# Unique Wax for Auction - Children in Need



## WHIZZER (Oct 25, 2005)

News from BearsWaxFactory

Hi all, the nice people at Car Chem have donated a bespoke wax to us and there other resellers which will be auctioned off this coming weekend for Children In Need.

It is rather special as it has four layer to it.

1= winter

2+3 = summer

4 = winter

So its a wax for all seasons and smells of refreshers. This really is special wax and we are told it won't be available for general sale.

Auction starts on our Facebook page at 4pm on 15/11/13 and will run until midnight on Sunday. Starting bid is only £5 and then increases with your bids in £2 (or more if you like) increments.
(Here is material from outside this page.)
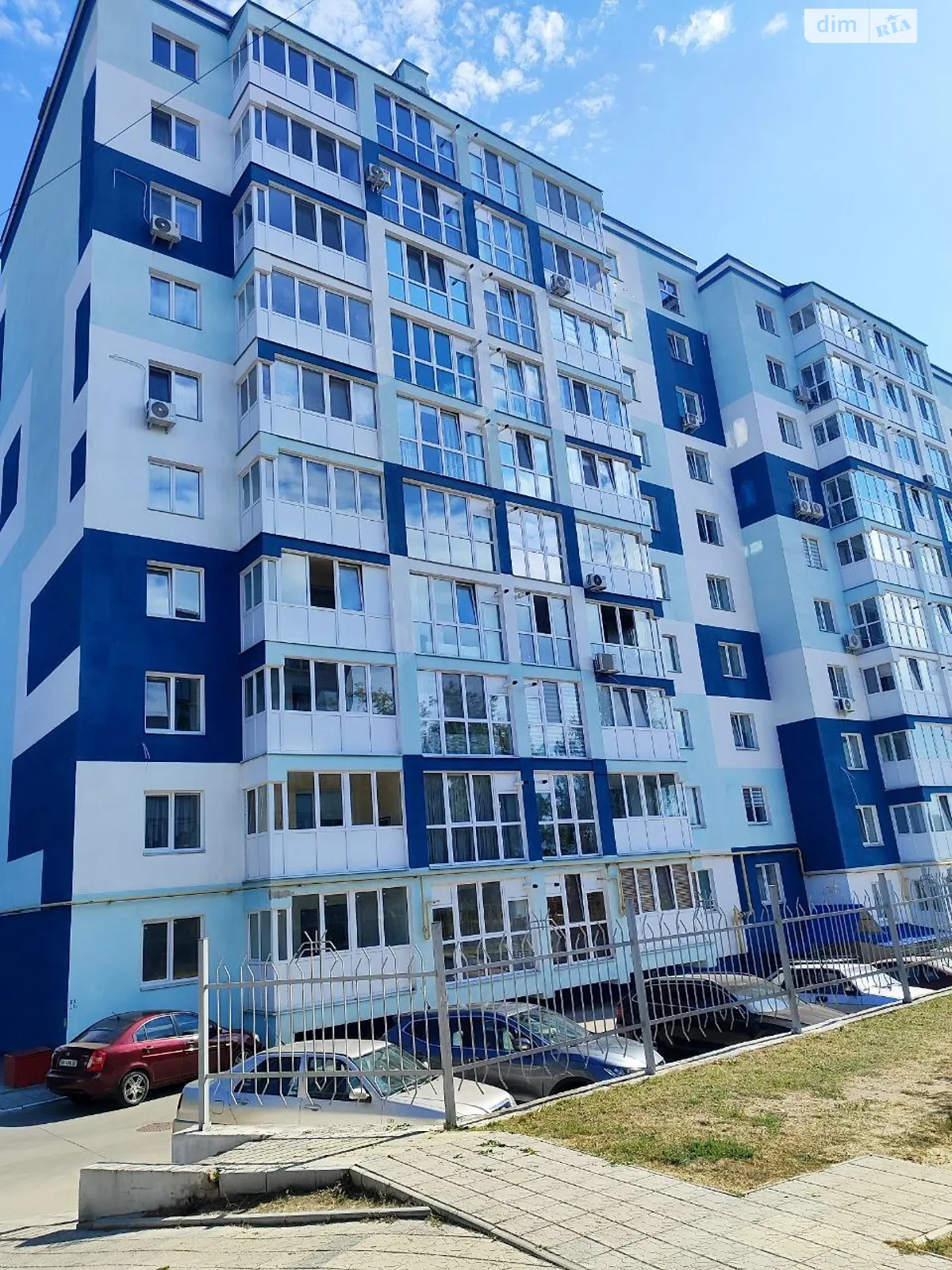 Продается 3-комнатная квартира 83 кв. м в Чернигове, ул. Казацкая, 9Б - фото 1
All the money generated will go to Children in Need.

Winner will need to pay ourselves the winning amount which we will forwards to the Charity and supply us with delivery details to get your wax. Bids submitted after Midnight on Sunday won't count.

All you need to do is get over to our FB page and like us and then post your bid between Friday and Sunday.

www.facebook.com/bearswaxfactory

Any questions please ask and help us raise some money for a good cause!









[/URL]


----------



## DLGWRX02 (Apr 6, 2010)

Can bids be placed by people NOT on facebook?


----------



## Bearswaxfactory (Sep 5, 2010)

Sadly not on this one. Appreciate not everybody uses Facebook though so watch this space for something else we are working on in the near future....


----------



## Caracul (Oct 24, 2013)

Does that mean you're expected to get through the whole pot in a year? Must mean the durability isn't that great!


----------